Succede, ad esempio, nel luglio del 2021. L'anziano deve recarsi presso la sede della Banca Popolare del Frusinate per firmare alcune carte. Il giorno prima dell'appuntamento, come emerge dalla sintesi di un'intercettazione riportata nell'ordinanza di custodia cautelare, l'avvocato Cicatiello lo avverte che lo andranno a prendere ad Anzio con l'auto e dopo aver sbrigato le pratiche lo riporteranno a casa. «C'è da mettere una decina di firme», gli dice l'avvocato. Al che l'anziano prima chiede a cosa servano le firme, poi aggiunge che è stanco di fare quelle cose. L'avvocato gli dà ragione ma aggiunge che non «possono fermare la macchina» da un momento all'altro. L'anziano, a malincuore, sembra arrendersi all'evidenza, però insiste sul punto e avverte l'avvocato che lui ormai «non riesce a tenere la forchetta, figuriamoci a firmare».
All'accompagnamento dell'anziano da Frosinone ad Anzio s'interessa anche l'imprenditore Paolo Baldassara che dà le disposizioni a Cicatiello: chi accompagnerà l'anziano non deve entrare in banca.

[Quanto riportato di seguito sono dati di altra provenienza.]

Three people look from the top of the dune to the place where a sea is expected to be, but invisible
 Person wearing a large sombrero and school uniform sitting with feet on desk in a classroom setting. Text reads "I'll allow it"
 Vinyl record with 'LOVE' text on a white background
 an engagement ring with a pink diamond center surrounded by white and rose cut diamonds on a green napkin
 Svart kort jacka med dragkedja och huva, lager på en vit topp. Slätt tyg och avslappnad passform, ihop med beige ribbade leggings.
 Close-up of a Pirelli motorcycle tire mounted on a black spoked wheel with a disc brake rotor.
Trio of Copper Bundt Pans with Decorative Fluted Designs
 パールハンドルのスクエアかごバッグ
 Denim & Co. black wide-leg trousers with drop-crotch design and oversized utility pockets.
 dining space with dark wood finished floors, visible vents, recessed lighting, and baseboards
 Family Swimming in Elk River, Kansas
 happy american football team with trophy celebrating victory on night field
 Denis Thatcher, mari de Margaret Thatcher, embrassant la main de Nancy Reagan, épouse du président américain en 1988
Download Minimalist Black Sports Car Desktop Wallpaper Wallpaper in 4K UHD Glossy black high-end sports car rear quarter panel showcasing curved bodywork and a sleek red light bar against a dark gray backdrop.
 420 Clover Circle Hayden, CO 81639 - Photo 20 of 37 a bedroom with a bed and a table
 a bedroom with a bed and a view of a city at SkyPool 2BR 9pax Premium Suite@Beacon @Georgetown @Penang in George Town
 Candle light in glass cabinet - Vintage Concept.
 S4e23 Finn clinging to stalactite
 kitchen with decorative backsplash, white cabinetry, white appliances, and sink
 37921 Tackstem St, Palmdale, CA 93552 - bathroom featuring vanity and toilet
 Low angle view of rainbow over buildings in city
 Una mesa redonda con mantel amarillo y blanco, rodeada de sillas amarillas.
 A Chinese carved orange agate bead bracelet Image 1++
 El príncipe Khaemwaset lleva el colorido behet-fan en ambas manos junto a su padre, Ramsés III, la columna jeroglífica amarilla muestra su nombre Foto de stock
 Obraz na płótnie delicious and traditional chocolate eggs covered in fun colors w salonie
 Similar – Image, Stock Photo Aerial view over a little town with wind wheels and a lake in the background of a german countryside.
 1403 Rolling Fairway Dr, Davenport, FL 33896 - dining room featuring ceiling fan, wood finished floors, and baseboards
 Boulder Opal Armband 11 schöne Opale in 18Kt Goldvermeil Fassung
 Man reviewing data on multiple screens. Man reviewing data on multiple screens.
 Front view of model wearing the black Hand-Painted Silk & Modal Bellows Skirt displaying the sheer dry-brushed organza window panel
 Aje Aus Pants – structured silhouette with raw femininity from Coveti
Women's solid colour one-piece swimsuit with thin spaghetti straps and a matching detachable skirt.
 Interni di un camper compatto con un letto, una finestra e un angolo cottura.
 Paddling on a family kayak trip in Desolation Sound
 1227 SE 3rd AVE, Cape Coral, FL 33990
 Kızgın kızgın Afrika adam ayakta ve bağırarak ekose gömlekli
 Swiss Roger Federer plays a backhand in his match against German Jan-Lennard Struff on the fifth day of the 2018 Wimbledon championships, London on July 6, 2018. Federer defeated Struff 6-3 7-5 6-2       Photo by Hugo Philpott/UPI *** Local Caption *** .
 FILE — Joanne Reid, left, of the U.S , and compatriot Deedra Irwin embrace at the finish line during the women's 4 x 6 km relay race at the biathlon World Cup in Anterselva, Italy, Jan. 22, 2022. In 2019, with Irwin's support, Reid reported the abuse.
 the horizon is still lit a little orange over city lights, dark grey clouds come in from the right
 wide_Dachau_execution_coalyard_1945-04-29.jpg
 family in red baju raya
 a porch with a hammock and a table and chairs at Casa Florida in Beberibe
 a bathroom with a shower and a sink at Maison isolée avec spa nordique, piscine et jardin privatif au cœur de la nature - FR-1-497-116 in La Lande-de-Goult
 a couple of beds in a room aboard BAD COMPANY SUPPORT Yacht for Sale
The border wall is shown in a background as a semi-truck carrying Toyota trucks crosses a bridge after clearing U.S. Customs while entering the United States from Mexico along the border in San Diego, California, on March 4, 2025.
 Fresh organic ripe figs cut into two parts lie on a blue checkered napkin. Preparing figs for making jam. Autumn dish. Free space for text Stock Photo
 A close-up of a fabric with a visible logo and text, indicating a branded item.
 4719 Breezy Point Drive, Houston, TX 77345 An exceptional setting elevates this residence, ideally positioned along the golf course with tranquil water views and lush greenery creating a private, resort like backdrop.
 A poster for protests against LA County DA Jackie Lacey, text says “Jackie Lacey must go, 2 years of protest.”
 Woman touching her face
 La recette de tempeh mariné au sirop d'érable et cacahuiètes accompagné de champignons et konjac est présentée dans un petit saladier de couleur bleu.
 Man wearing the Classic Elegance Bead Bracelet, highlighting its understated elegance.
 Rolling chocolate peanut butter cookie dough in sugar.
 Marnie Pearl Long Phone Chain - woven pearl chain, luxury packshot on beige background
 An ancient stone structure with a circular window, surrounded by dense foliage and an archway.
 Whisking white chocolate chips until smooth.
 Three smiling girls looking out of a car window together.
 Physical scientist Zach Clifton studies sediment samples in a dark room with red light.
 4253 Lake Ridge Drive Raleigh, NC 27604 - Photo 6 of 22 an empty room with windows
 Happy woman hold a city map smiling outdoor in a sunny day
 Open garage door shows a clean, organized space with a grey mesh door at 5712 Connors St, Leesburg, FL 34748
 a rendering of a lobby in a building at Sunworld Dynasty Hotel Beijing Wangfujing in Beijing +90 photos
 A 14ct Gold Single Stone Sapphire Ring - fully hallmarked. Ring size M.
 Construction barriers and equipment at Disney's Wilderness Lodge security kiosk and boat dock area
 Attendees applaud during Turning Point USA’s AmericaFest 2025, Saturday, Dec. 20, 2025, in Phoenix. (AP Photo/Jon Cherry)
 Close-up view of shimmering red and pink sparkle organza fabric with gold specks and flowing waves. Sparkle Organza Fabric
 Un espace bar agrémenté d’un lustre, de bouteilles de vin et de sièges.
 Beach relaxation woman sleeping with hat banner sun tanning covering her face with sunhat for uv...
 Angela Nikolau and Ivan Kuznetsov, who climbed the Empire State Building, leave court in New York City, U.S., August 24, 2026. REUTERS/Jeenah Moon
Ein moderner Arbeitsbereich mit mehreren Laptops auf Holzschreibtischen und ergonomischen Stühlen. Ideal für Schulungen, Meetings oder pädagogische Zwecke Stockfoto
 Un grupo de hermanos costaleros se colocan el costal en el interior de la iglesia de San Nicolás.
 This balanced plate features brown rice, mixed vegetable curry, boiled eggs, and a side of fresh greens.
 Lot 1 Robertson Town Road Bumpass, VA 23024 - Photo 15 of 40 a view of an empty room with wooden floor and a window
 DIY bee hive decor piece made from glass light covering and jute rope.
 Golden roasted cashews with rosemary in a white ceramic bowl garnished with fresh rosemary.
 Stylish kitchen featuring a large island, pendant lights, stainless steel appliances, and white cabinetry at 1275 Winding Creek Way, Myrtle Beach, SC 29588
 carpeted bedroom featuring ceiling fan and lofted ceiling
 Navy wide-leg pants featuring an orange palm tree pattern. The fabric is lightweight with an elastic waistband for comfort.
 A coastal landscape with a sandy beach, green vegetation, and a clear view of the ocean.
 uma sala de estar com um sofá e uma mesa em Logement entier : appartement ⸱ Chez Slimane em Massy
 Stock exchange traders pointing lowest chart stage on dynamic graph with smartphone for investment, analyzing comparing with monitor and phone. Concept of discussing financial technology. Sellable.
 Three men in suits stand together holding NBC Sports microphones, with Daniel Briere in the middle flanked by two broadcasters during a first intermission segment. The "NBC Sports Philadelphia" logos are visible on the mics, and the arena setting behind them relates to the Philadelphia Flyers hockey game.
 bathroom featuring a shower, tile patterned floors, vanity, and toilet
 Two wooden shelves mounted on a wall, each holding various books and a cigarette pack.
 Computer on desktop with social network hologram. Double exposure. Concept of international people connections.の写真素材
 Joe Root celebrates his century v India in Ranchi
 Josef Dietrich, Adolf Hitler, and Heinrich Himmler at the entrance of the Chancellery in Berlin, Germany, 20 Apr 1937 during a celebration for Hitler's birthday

L'avvocato Cicatiello poi chiama il funzionario della Bpf e lo avverte che l'indomani da lui si recherà l'84enne. Il timbro per firmare glielo porterà l'avvocato Cicatiello che quindi saluta il funzionario della Bpf: «Confidiamo nelle tue mani esimio».

LE CONTESTAZIONI

«Le conversazioni telefoniche - scrive il gip Logoluso - sono paradigmatiche della fittizia intestazione a prestanome di numerosissime società di capitali che, in realtà, sono nella piena disponibilità gestionale di soggetti determinati (De Santis, Baldassarra, Bartoli) che le utilizzano per i loro progetti illeciti. Peraltro non può non notarsi che i funzionari bancari (nella specie della Bpf) sono ben consapevoli che le società che intrattengono con l'Istituto rapporti bancari non sono gestite in nessun modo da parte degli apparenti amministratori. Quei funzionari e, nel caso dello stesso direttore generale Rinaldo Scaccia ed amministratore delegato della banca, - aggiunge il gip - non solo favoriscono la scellerata finzione, ma finiscono per profittare variamente delle attività illecite che su quella finzione fondano».

LE COMPRAVENDITE

Negli atti d'indagine si riporta la compravendita di un appartamento nel quartiere Trieste a Roma a favore della famiglia di Rinaldo Scaccia che subentra ad una delle società intestate a un romano, ma di fatto - sostiene l'accusa - controllata dall'imprenditore di Veroli Baldassarra. Lo stesso Baldassarra che viene fotografato dagli investigatori mentre con Rinaldo Scaccia e un familiare effettua il sopralluogo in due appartamenti di una palazzina risorgimentale nella zona di Porta Pia a Roma acquistata con un'altra società. «Anche questa intestata a un prestanome», dicono gli investigatori.